In the case at bar, O’Connor admits that the loan request form does not mention the ALPA loan outstanding at the time of the application, but objects to the presumption that by not disclosing it on the form he intended to deceive IHMV. O’Con-nor explains that he thought it unimportant whether the ALPA loan appeared because Sher had paid off two previous IHMV loans and promised to pay off the ALPA loan before August 15, a month before the first IHMV payment was due. O’Connor also states that he might have discussed the “grey market” deal and the ALPA loan with Bert, who then could have decided not to write it down. There is no evidence that O’Connor knew of Sher’s fraudulent intent at the time he applied for the IHMV loan.
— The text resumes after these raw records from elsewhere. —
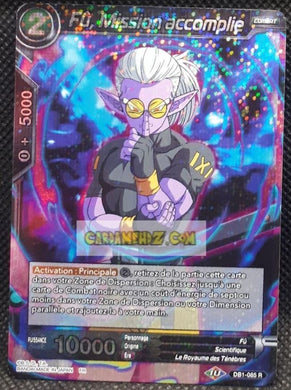 Carte Dragon Ball Super Card Game Fr Draft Box 04 Dragon Brawl DB1-085 R (2021) bandai fu mission accomplie dbscg rare prisme foil holo cardamehdz point com mehdz atout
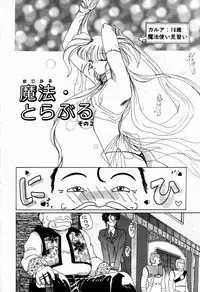 [Kurikara] Mahou Trouble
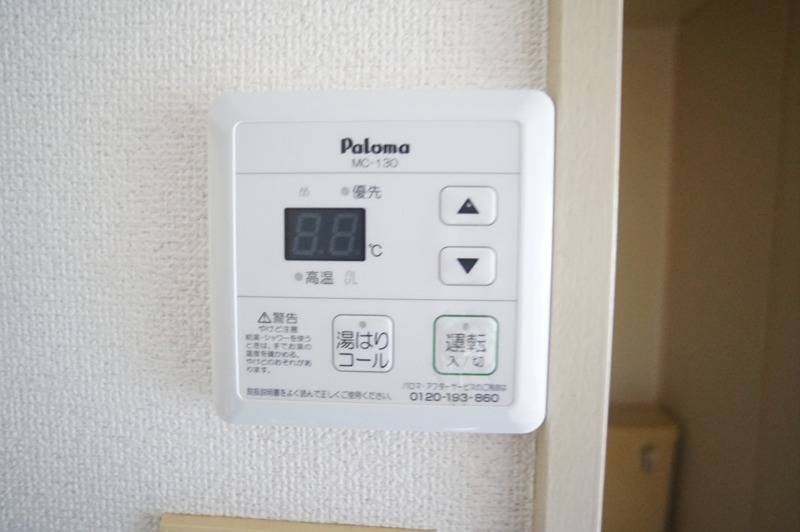 シティーハイツ堀之内 その他14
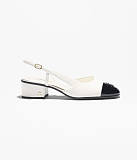 Patent Slingbacks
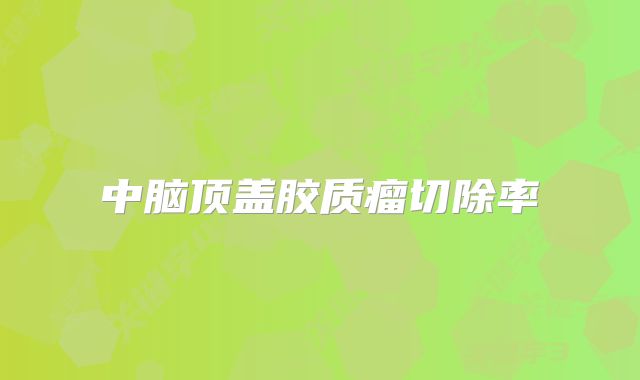 中脑顶盖胶质瘤切除率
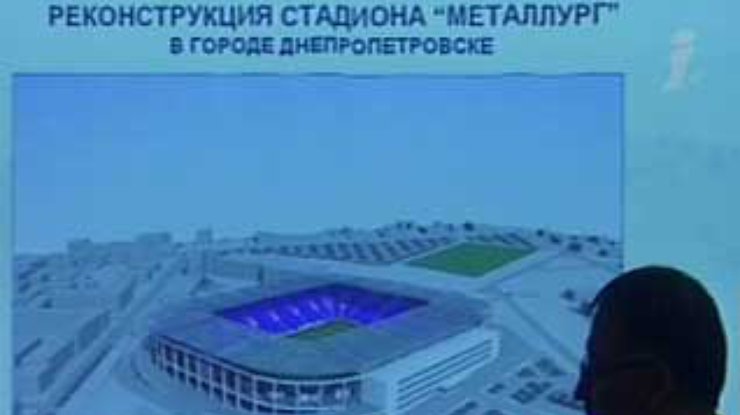 К 2007 году ФК "Днепр" намерен построить современный стадион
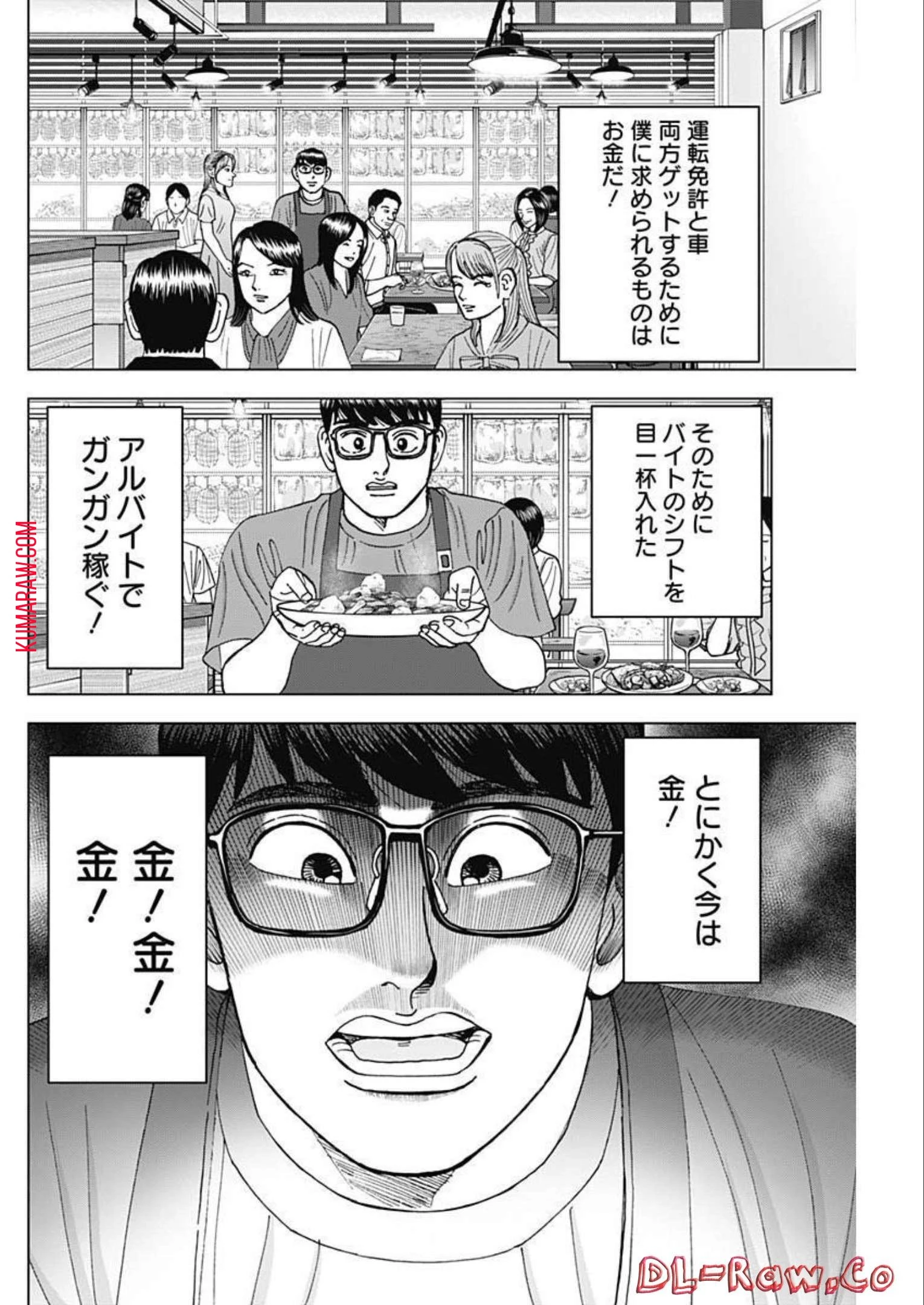 ドクターエッグス 第32話 - 10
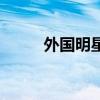 外國(guó)明星的英文名字（外國(guó)明星）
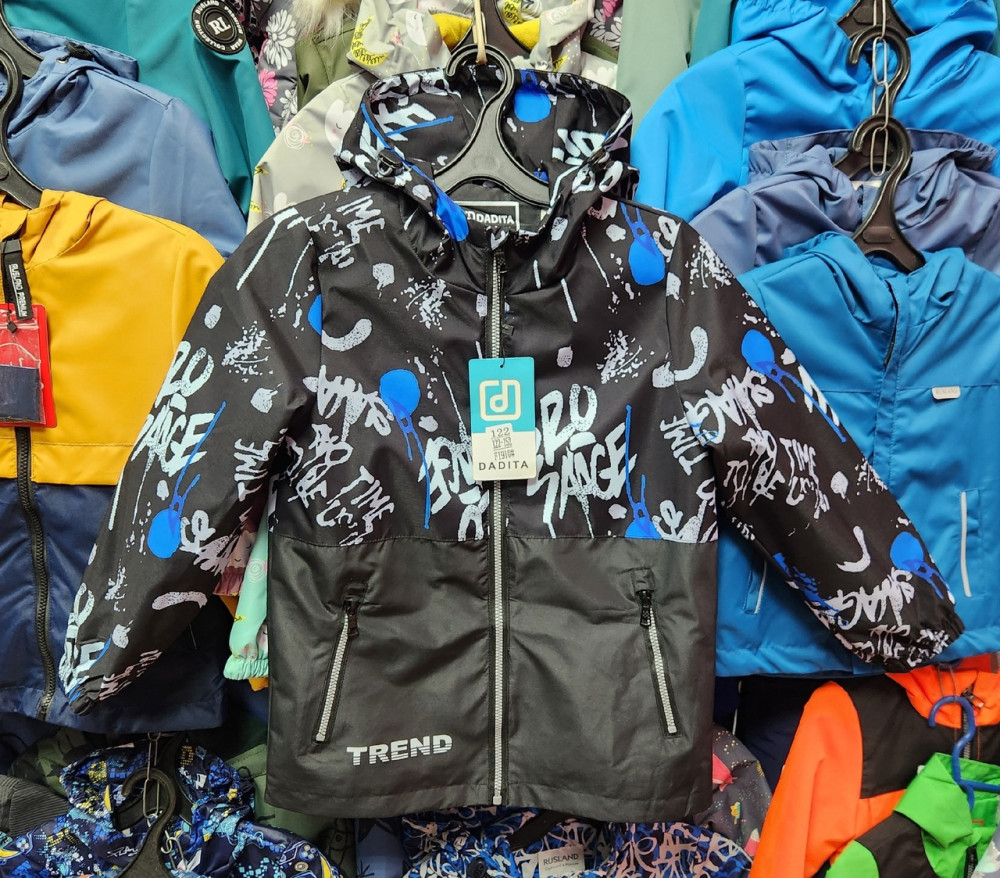 Куртка детская черная купить в Интернет-магазине Садовод База - цена 1200 руб Садовод интернет-каталог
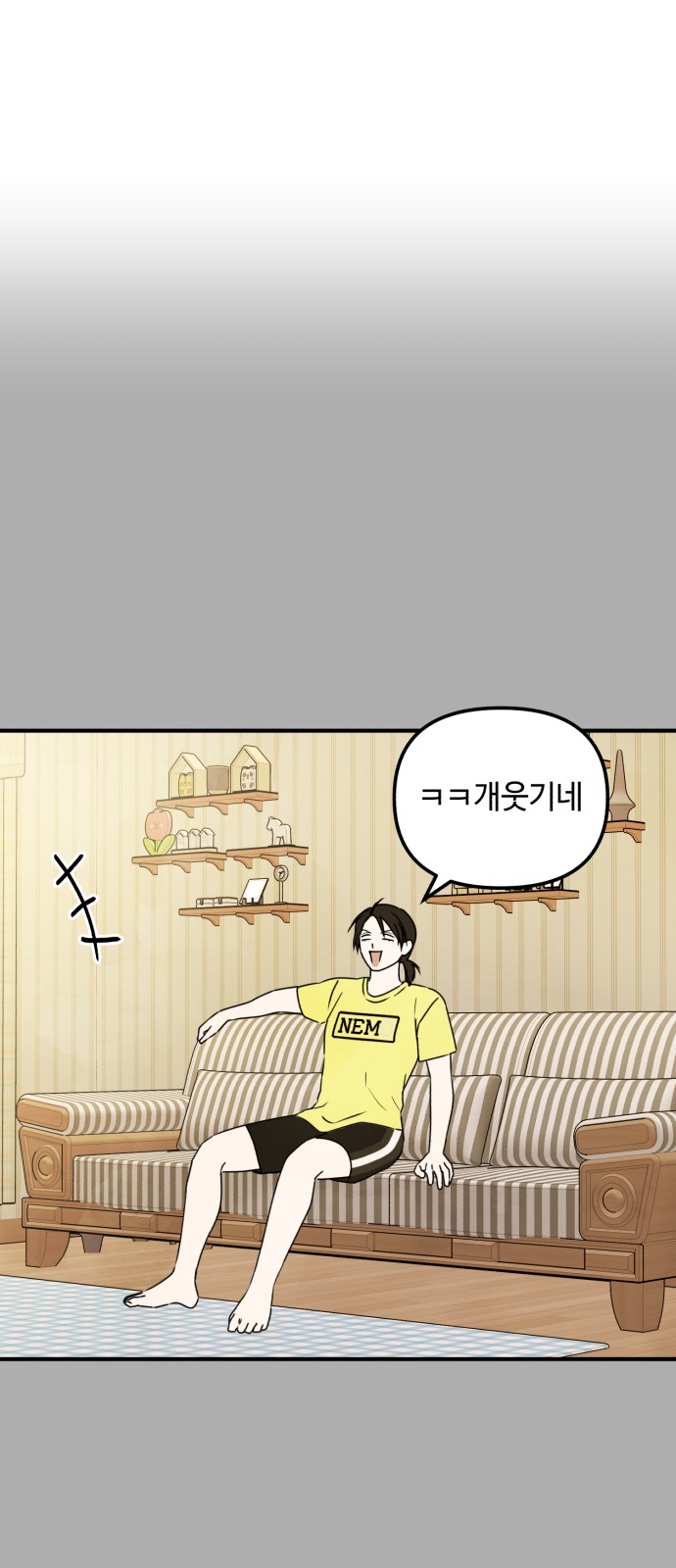 28 페이지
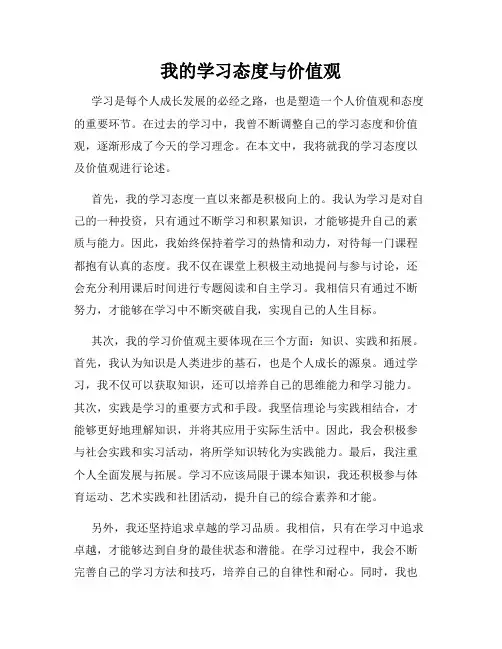 我的学习态度与价值观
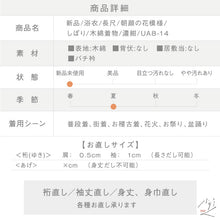 画像をギャラリービューアに読み込む, 【新品】しぼり 浴衣 長尺 あさがおの花模様 カジュアル 濃紺 身丈165.5cm 裄丈70.5cm 木綿着物 UA8-14
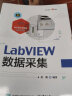 LabVIEW数据采集/电子设计与实践 晒单实拍图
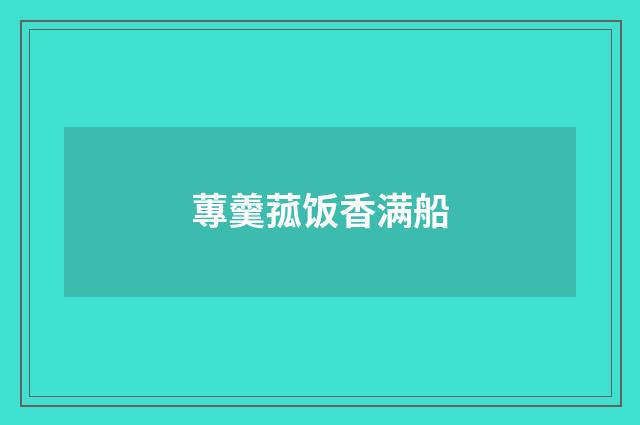 蓴羹菰饭香满船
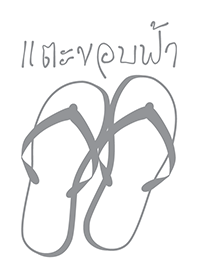 SANDAL MAN 11 ( LIMITED )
To satisfy its burden of establishing an intent to deceive under § 523(a)(2)(B)(iv), the bank must prove that the debtor committed actual fraud, that he intended to defraud the bank by a false financial statement. Constructive or implied fraud is insufficient to bar the discharge of the debt to the bank. Signet Bank v. Wingo (In re Wingo), 113 B.R. 249, 251 (W.D.Va.1989). This Court requires the creditor to prove that the debtor published the statement with the intention and purpose of deceiving the creditor. Blake v. Handy, (In re Handy), 35 B.R. 912, 914 (Bankr.E.D.Va. 1983) (adopting the test in Sweet v. Ritter Finance Co., 263 P.Supp. 540, 543 (W.D.Va.1967), which interprets § 17(a)(2) of the Bankruptcy Act, the precursor to § 523(a)(2)(B) of the Bankruptcy Code). It appears to this Court that the August 1 ALPA loan payment by O’Connor, while suggesting knowledge of the outstanding ALPA loan at the time of the IHMV loan application, is not sufficient evidence of an intent to defraud IHMV. Unlike the facts in Compton where the court inferred intent to deceive from the debtor’s knowledge of her boyfriend’s fraudulent activities, this Court finds that O’Connor had no knowledge of Sher’s fraudulent activities, particularly in light of the fact that two prior transactions with IHMV had been successfully consummated, and refuses to infer an intent to deceive IHMV solely from evidence of knowledge of an outstanding debt.

III. Reasonable Reliance

The court in Dominion Bank v. Wingo, (In re Wingo), 112 B.R. 141 (Bankr. W.D.Va.1990), defined the proper legal standard in determining the reasonable reliance requirement. To establish reasonable reliance upon a false financial statement, a creditor must prove that reliance was objectively reasonable, and that there was actual reliance. See In re Wingo, 112 B.R. 141 (W.D.Va.1990). The Code does not statutorily define exactly what constitutes “reasonable reliance.” See 11 U.S.C. § 523(a)(2)(B)(iii). Case law, however, reveals that reasonable reliance is to be objectively determined by the fact finder given the totality of the circumstances. In re Figge, 94 B.R. 654, 665 (Bankr.C.D.Cal. 1988). Reliance will be found to be reasonable if it is demonstrated by the creditor that had the false representation or omission been known, the credit would not have been extended. In re Carr, 49 B.R. 208, 210 (Bankr.W.D.Ky.1985). In cases of lending institutions this standard is expanded to compare the creditors’ actual conduct with debtor; the industry-wide practice; and the surrounding circumstances of the case. In re Compton, 97 B.R. 970, 979 (Bankr.N.D.Ind.1989); In ré Pascucci, 90 B.R. 438, 446-447 (Bankr.C.D.Cal.1988). Finally, where a creditor is on notice of the statement’s inaccuracy, its reliance on that statement is unreasonable. A creditor cannot ignore “red flags” and expect to benefit from nondischargeability. Teates v. *810Kuranda (In re Kuranda), 122 B.R. 264, 269 (Bankr.E.D.Va.1990).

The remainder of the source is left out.